While both having a passion for illustration and design, Tom Burnham and Lucy Roberts’ styles couldn’t be visually less similar. But knowing that they could both benefit from each other’s different approaches to their work, they set up Sizewell Illustration Club.
With Lucy’s delicately rendered pencil portraiture and Tom’s playful take on eccentric characters he finds in the everyday, their contrasting aesthetics makes for an interesting mix of ideas.
It’s something that they intend to turn to their advantage with Sizewell Illustration Club, which will see them lending their dual talents to limited edition prints and apparel as well as other areas of design.
They talk to us about their individual work and some of the reasons behind working as a team.
We both really enjoy and obsess over good design, so setting up Sizewell Illustration Club was a great way to showcase our interests and our own illustrative designs.

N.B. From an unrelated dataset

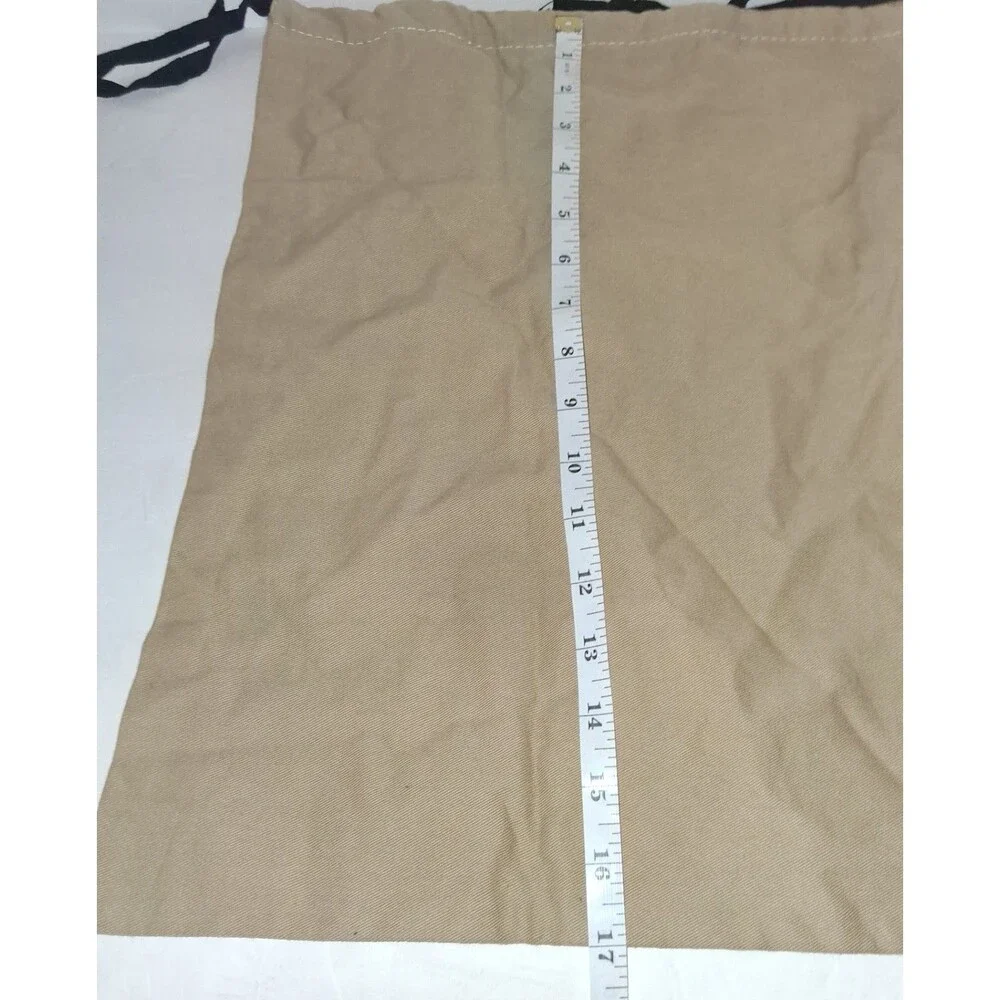 A Bathing Ape BAPE Sneaker Shoe Drawstring Dust Bag Tan Beige Ape Head Logo Bag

We are both illustrators who have completely different styles and thought this would be an amazing opportunity to collaborate on projects and to sell our work. It is also a great way to brainstorm ideas and solutions to design briefs as two heads is better then one.
We hand screen print t-shirts to be sold from our S.I.C site and also create prints and zines. All the t-shirts are printed with hybrid fabric ink.
We found printing with this ink works best for t-shirt printing as it doesn’t dry into the screen as fast as water based inks and is easy to wash out of your screens when your finished unlike plastisol inks.
The bulk of my drawings are characters, normally based on odd little fellows I see in coffee shops and shady car parks. A lot of the time I sit (hide) and fill sketchbooks with faces I can then go back to and use in stories and other doodles.
A lot of the strange tales I design are just crazy blown out of proportion lies about a character I have made up in my head. But the odd story is based on a hint of truth from my hometown in Suffolk (like the village gossip newspaper).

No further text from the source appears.